-- Records supplied follows --

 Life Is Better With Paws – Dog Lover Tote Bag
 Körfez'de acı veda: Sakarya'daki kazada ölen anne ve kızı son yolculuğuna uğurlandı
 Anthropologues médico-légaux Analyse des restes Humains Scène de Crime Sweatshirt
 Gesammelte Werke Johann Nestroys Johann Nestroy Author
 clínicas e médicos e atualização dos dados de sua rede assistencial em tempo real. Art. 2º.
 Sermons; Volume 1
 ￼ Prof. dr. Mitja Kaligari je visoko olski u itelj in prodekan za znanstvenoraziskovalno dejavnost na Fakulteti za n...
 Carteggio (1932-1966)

-- Records supplied concluded --

Work request:
Say again, word for word, every line from the one with "Prof. dr. Mitja" through the last line of the data above, minus the pictures.

Result of this task:
  Prof. dr. Mitja Kaligari je visoko olski u itelj in prodekan za znanstvenoraziskovalno dejavnost na Fakulteti za n...
 Carteggio (1932-1966)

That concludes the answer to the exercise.